How Kamala Harris — and Joe Biden — lost to Donald Trump and left Democrats in shambles
Following Harris’s loss Tuesday — in which Trump made gains with nearly every single demographic group, leaving him poised to potentially win all seven battleground states and the popular vote — the Democratic Party now finds itself grappling with how it lost so definitively, and how it so thoroughly misunderstood the American electorate.
Democrats expect the party, donors and outside groups will eventually conduct autopsy reports to understand just how the race went awry. Donna Brazile, a Harris ally and former chair of the Democratic National Committee, said “the next step for the Democrats is deep introspection,” adding that there needs to be a process to figure out what went wrong before the party decides on next steps and who should lead it.

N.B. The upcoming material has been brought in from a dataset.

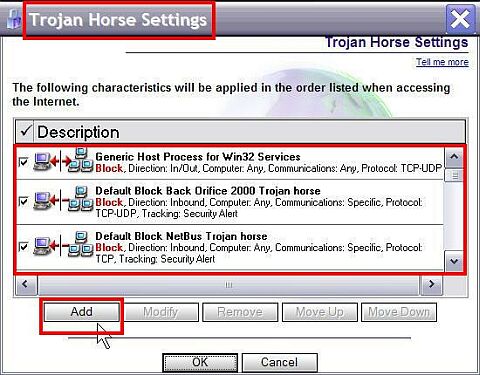 Trojan horse settings, block all listed ports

“You don’t jump from one horse to another when you are riding on a donkey,” she said.
But a consensus has already emerged that the party failed to understand the average voter and their concerns — and focused too much on Trump, according to interviews with more than two dozen campaign aides, advisers, strategists and others, many of whom spoke on the condition of anonymity to share candid opinions about the party’s loss.
Like with any losing campaign, the finger-pointing and gripes have already begun to leak into public view. Many Democrats view the original sin as Biden’s decision to run for a second term, as well as his and his insular inner circle’s outright dismissal of anyone who raised alarms about his dwindling political prospects.
“Joe Biden is reason one, two and three why we lost,” a Harris aide said, noting that he was “totally underwater” in the polls when Harris replaced him at the top of the ticket.
Trump aides began to joke in the final weeks of the race that Biden was their best surrogate, as he briefly put on a Trump hat at one event less than 24 hours after Harris was viewed as the winner of the debate, later called for Trump to be “locked up … politically” and derisively referred to Trump supporters as “garbage” on a Zoom on the same evening Harris delivered her closing speech. “The guy was incredible,” a Trump adviser said.
Some Biden loyalists, meanwhile, fault the Obama-era technocrats, who they say first sniped at Biden from the outside — hobbling his candidacy — only to join the Harris campaign and cast themselves as saviors, armed with good data but a poor understanding of American anger in this moment. And others still have cast some blame on O’Malley Dillon, who they argue was a micromanager and whose team failed to win over voters on issues they cared about most, like immigration and the economy.
Some Harris allies were also alarmed when O’Malley Dillon appeared to try to engage on transition efforts. A campaign aide disputed that, arguing O’Malley Dillon only discussed necessary coordination between the campaign and transition teams.
Another group has begun to question a key assumption of many party strategists during the Biden years — that the central force in American politics was the backlash to the U.S. Supreme Court’s decision to overturn Roe v. Wade and the rejection of MAGA politics.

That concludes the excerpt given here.